Like previous collections, Blue Collar, White Collar, No Collar doesn’t bring us any new stories—all of them have been previously published. The real gem of the volume is Ford’s introduction, which warms my Rust Belt-born heart. Ford has created a context for reading the stories: work as identity. In our country, he argues, jobs define who we are. And when we lose our jobs—especially when it happens during a huge recession, like the one we have now—it’s devastating. We struggle to make sense of ourselves and our purpose in the world. We feel as though we have failed not only ourselves, but the people around us.

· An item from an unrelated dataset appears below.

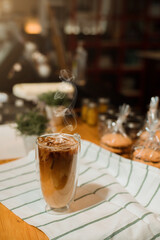 Ice coffee on table with cream being poured into it showing the texture and refreshing look of the drink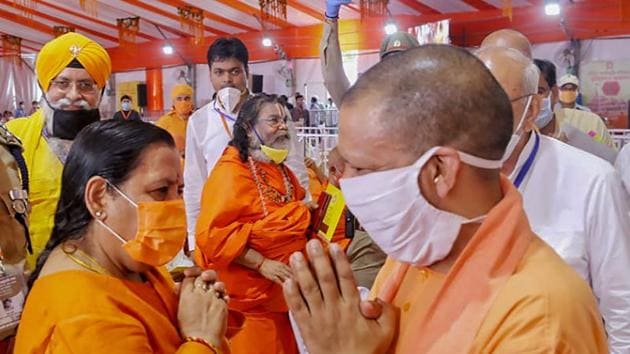 Uttar Pradesh Chief Minister Yogi Adityanath being greeted by BJP leader Uma Bharti during the function ahead of the inception of Bhoomi Pujan for the construction of Ram Temple, in Ayodhya.(PTI)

Even if we hate our jobs, they still provide us with stability, or at least something to occupy our time. The narrator in Junot Díaz ‘s “Edison, NJ,” delivers pool tables for a living and spends truck rides playing guessing games about where his next drop off will be because “It passes the time, gives us something to look forward to.” Walter Henderson, protagonist and fired office-worker of Richard Yates’ “A Glutton for Punishment”—which feels far more current than its 1957 publication date—is ashamed of and confounded by his state of unemployment. He tells his wife he’s going to work, but spends his days at the library because “several hours [have] to be killed before the normal time of his homecoming.”
Ford has found the emotional core of economics. If our jobs are our identities, no wonder so many of us, and the characters in Blue Collar, White Collar, No Collar, are dissatisfied. Whether you’re cutting shady backroom deals in a suit like Kendall in Jeffrey Eugenides’ “Great Experiment” or raking leaves outside a grocery store like the narrator of Edward P. Jones’ “The Store”, paychecks don’t bring happiness. We’re unhappy whether or not we’re unemployed.
Work, according to Ford, is “imagined… as labor, as chores, as business, as duty, as habit, as memory, as art, and as a priestly vocation.” Unfortunately, most people never have the privilege of viewing their jobs as the latter two.
Thanks for that review, Sasha. Yeah, one of my gripes about anthologies is that they rarely present new work. So for many readers, a good chunk of the book might not be new. And of course, if you publish long-established authors, the gotta-have-it factor is low. But that an American anthology is devoted to work and class is an achievement in itself, and when Richard Ford talks about his and others’ writing, he’s brilliant.